Pocas personas de la vida pública española pasarán a la Historia. A muchas, su historia le pasará por encima como una apisonadora y las dejará más planas que el encefalograma de su inteligencia. Pienso que el actual ministro de Industria, Miguel Sebastián, será de las segundas. Está enfadado con el asunto de la empresa constructora Sacyr, y la alianza de esta con la petrolera mexicana Pemex, para controlar Repsol. Está enfadado porque Felipe González ha opinado sobre el asunto y, claro, no le han gustado las declaraciones de puro sentido común del expresidente. Y es que este sentido, el común, parece que no es uno de los que aprecie Sebastián. Como ministro, ha hecho dos aportaciones a la política española: repartir bombillas de bajo consumo y quitarse la corbata en los plenos del Congreso de los Diputados, ocasionando el cabreo del presidente del mismo, José Bono, el cual, a pesar de que suda mucho -entre otras cosas, perdió el congreso del PSOE de 2000 porque no paraba de sudar y de secarse durante su intervención- jamás deja de asistir a los plenos perfectamente emperchado.

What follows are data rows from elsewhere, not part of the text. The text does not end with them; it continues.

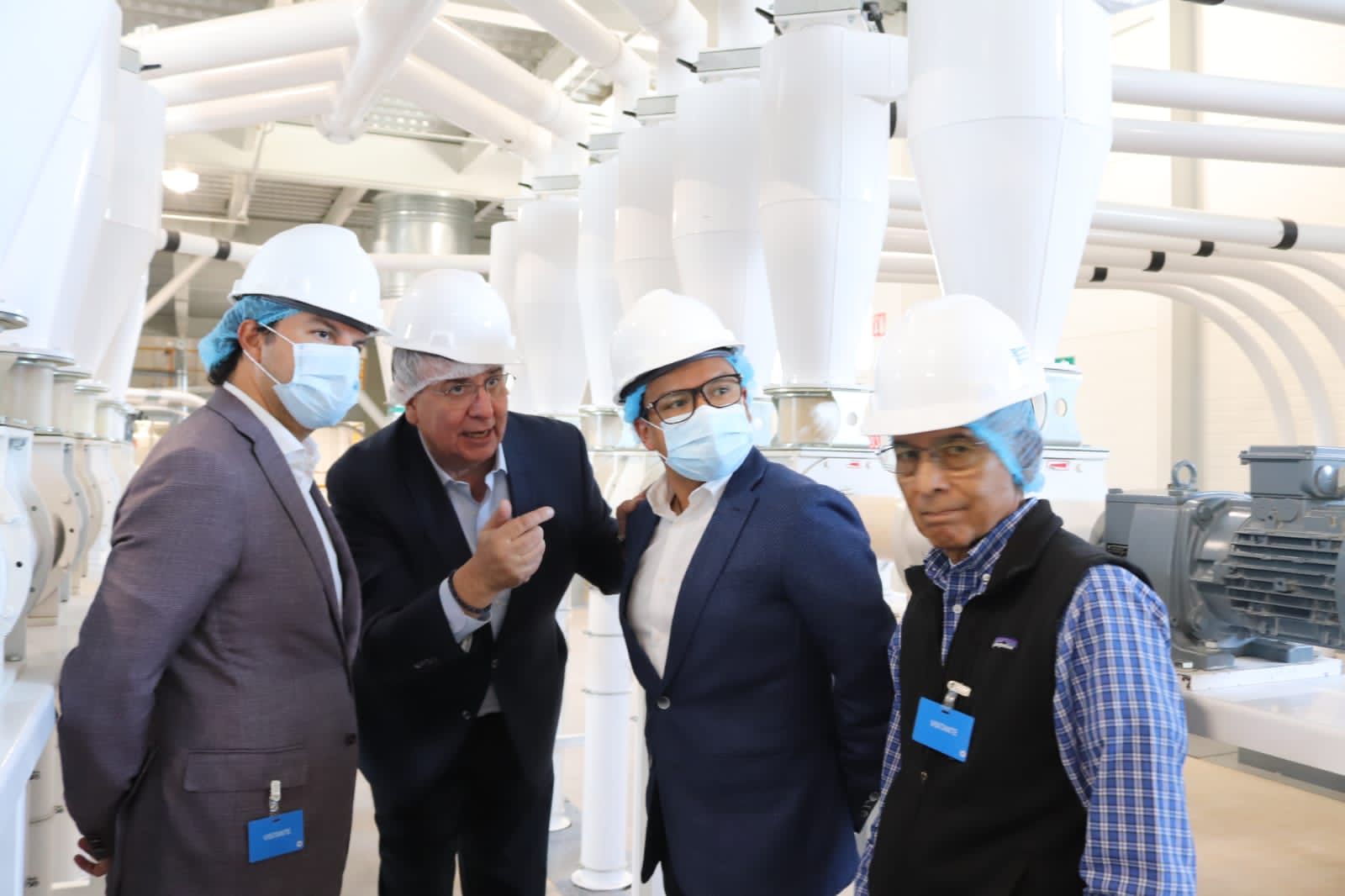 Anuncian instalación de planta productora de maíz en Villa de Reyes; generará 300 empleos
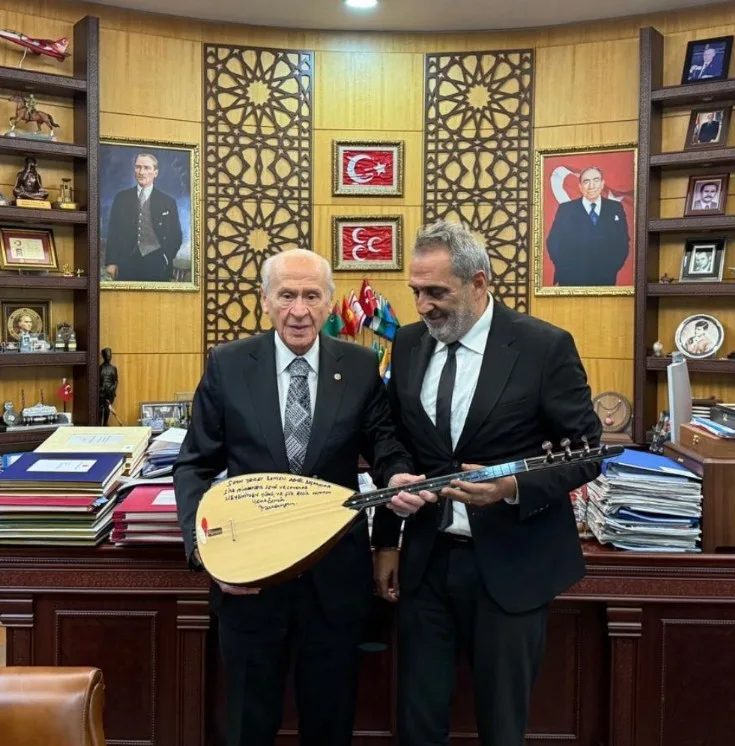 Türk Halk Müziği Sanatçısı Yavuz Bingöl, Milliyetçi Hareket Partisi (MHP)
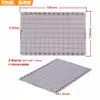 Placa de cruce de lámina de cobre gruesa de 1.6MM 120*180, placa de circuito de fibra de vidrio, placa perforada, placa PCB, accesorios DIY de audio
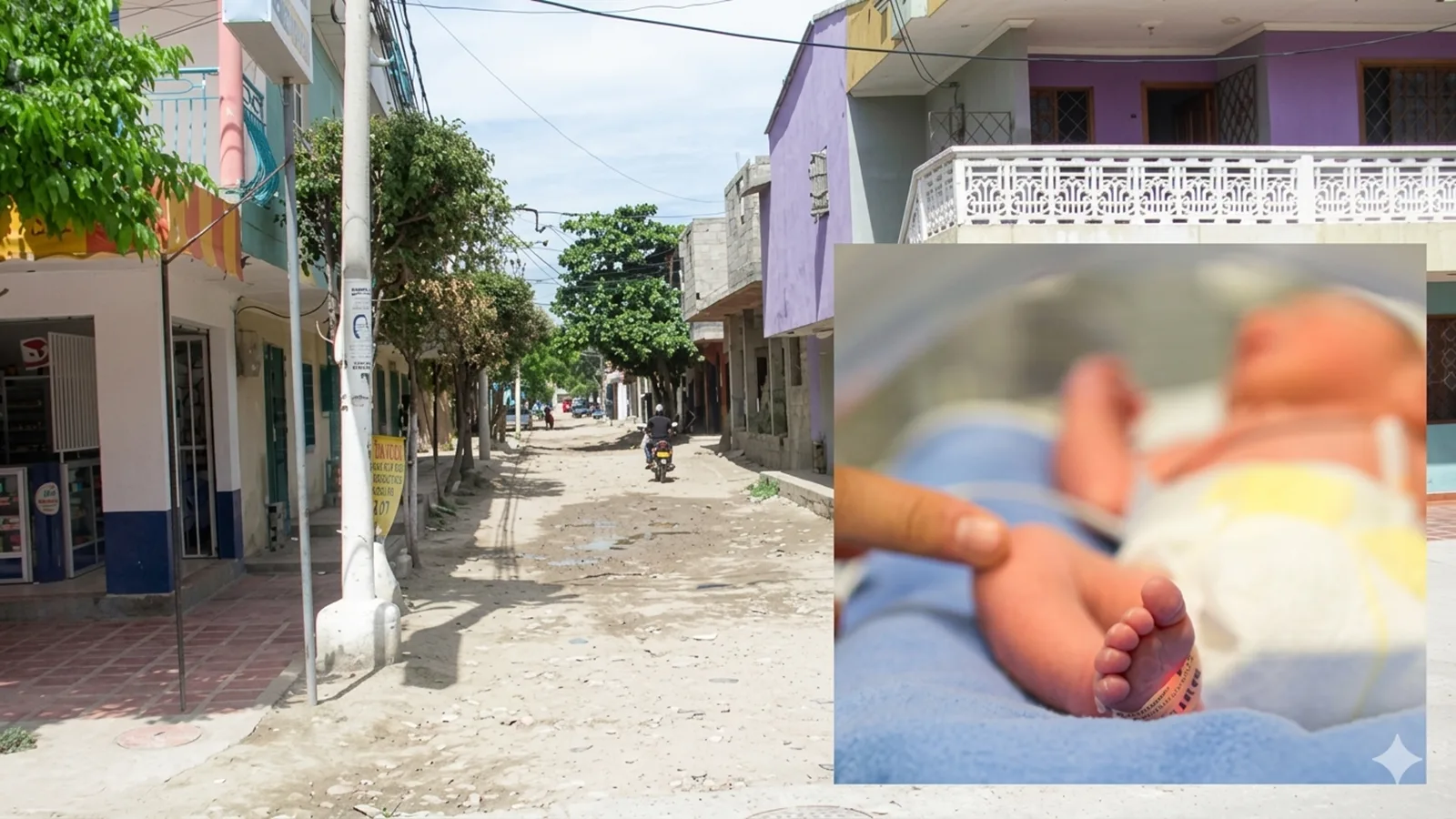 Conmoción en Santa Marta: hallan sin vida a un recién nacido abandonado en barrio Santa Ana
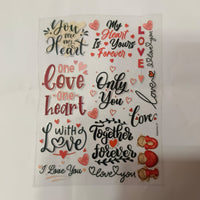 DTF stickers - 3 (A)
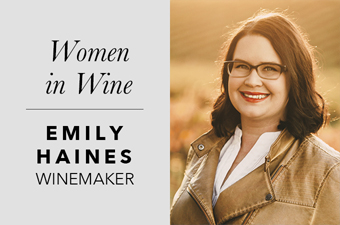 Winemaker Emily Haines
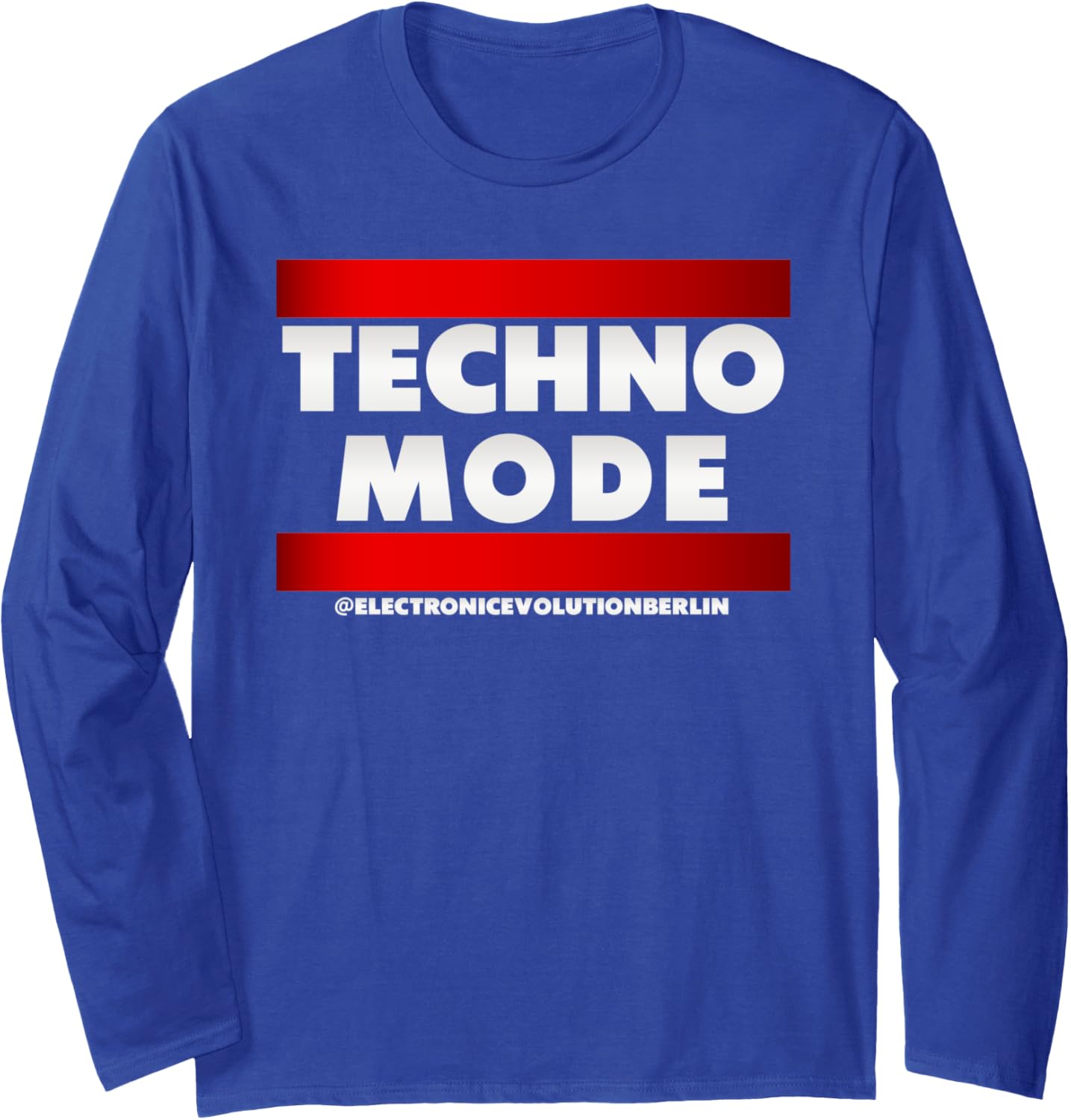 "Techno Mode", music, techno music Long Sleeve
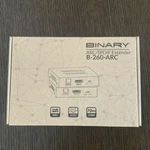 Binary B-260-arc Audio Return Extender For Hdmi Arc And S/pdif Brand New. Fixed Price $135.00.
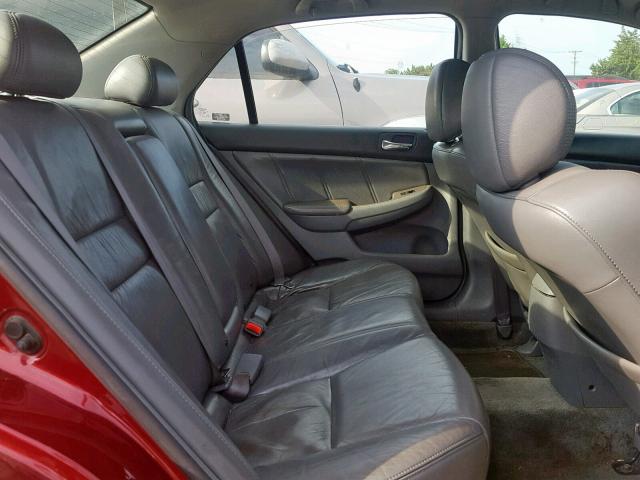 1HGCM56846A116334 - 2006 HONDA ACCORD EX  photo 6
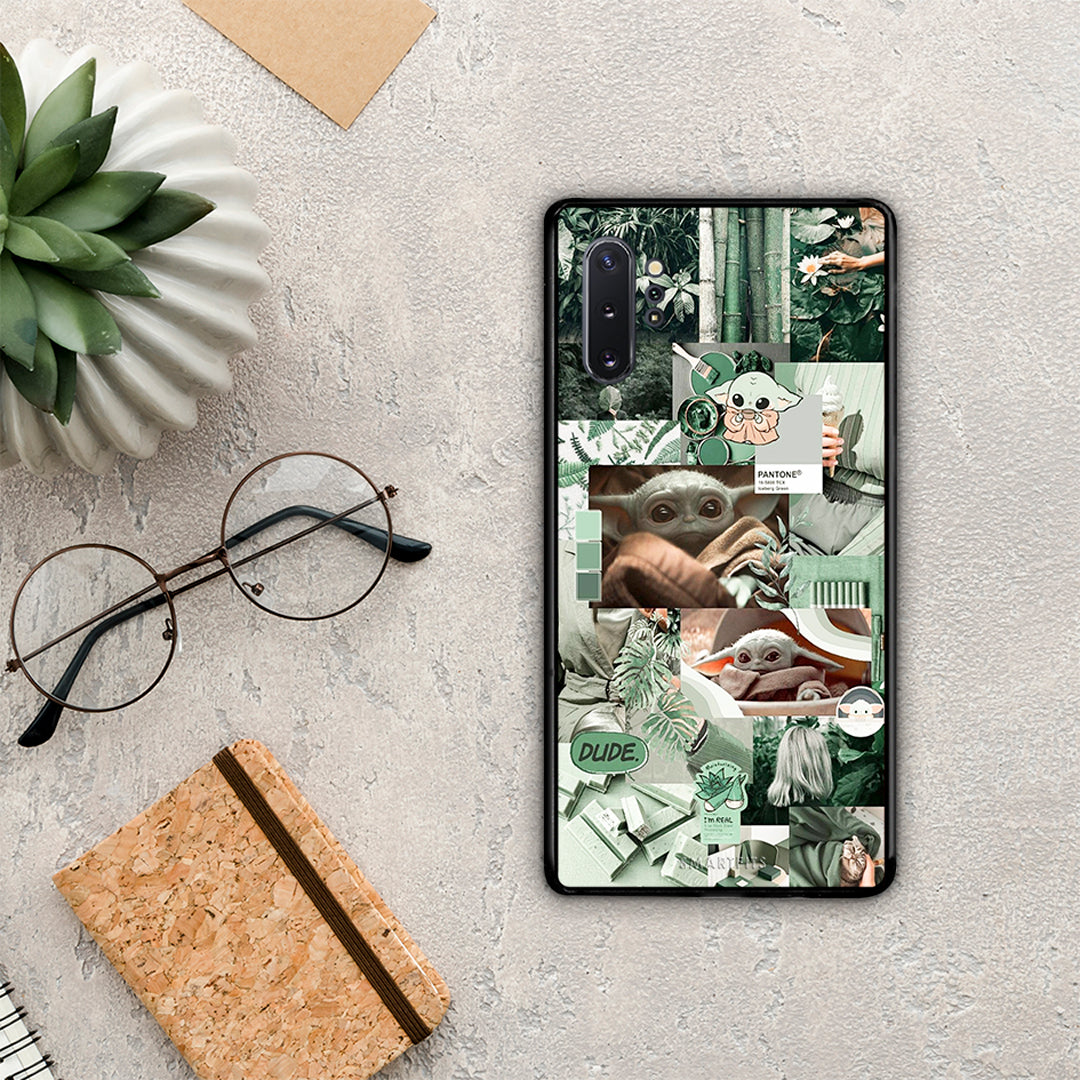 Collage Dude - Samsung Galaxy Note 10+ θήκη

Sebastián se había enfrentado a Gallardón por la alcaldía de Madrid: artimañas, resultado y que no tomó posesión como concejal, son cosas conocidas. Lo que no es tan sabido, pero sí se dice -yo sólo lo transcribo, por lo que pudiera pasar- es cómo actuaba cuando dirigía la oficina económica de Moncloa, cómo llamaba a ministros y les conminaba a enfocar sus presupuestos por aquí o por allá, o a atender a determinados empresarios. Dicen que lo hacía; también dicen que algunos ministros/as le obedecían y que otros/as lo mandaban a paseo. Ahora manifiesta que no es amigo de ningún empresario, ni del de Sacyr, y que tampoco habla con él por teléfono: hay que tener cuidado con esas afirmaciones porque después, cuando surgen los líos, la policía, que no es tonta, viene con la lista de la compra en forma de números de teléfono a los que se ha llamado o desde los que te han llamado. Y todos nos ponemos colorados.